Michele Sinclair’s A CHRISTMAS KNIGHT - Wonderful Medieval Christmas Romance with Traditions of the Faith

This is a great Medieval (12th century) Christmas romance. Sinclair begins each chapter with a tradition of Christmastide or Twelfthtide (the 12 days of Christmas) as celebrated then. It’s a unique touch that really puts you in the season while giving you a worthy love story!

Ranulf, a knight of King Henry II, who is scarred (literally and figuratively) as a result of his heroism of the past and shunned by most women, is a warrior known for his feats of valor. With the death of his father and cousin, he is reluctantly persuaded by an older knight, Leon le Breton, at Henry's insistence, to return to England and accept the responsibility of Lord of Hunswick Castle in Cambria. In an accident aboard ship that claims the life of le Breton, Ranulf grants the dying man's wish and agrees to marry the youngest of his three daughters, Lily. When Ranulf arrives at Huswick, it is the oldest daughter Bronwyn who captures his heart. Bronwyn is posing as her younger sister Lily to try and save her from an unwanted marriage, but Ranulf is not fooled. It is Bronwyn he wants.

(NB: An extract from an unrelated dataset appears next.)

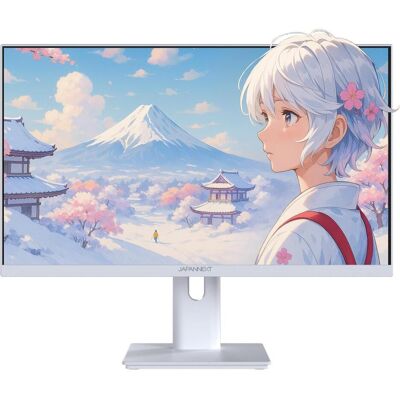 Japannext 60,5cm JN-I238FHD120F-HSP-W 16:9 HDMI weiss FHD (1920 x 1080 Pixel, 23.80"), Monitor, Weiss Japannext 60,5cm JN-I238FHD120F-HSP-W 16:9 HDMI weiss FHD (1920 x 1080 Pixel, 23.80"), Monitor, Weiss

Sinclair does a great job of weaving in the Christmas season's traditions that were being celebrated in the 12th century (and many today as well) while drawing us into a true love between two people who have much to give. I really enjoyed this one! Two minor nits: Bronwyn's hair color is described alternately as gold, light brown, dark tawny and chestnut which are not the same color. Also, the "loose thread" of the romance between Ranulf's best friend, Tyr, and Bronwyn's sister, Edythe, is never resolved (not even in the epilog) and that left me hungry for more!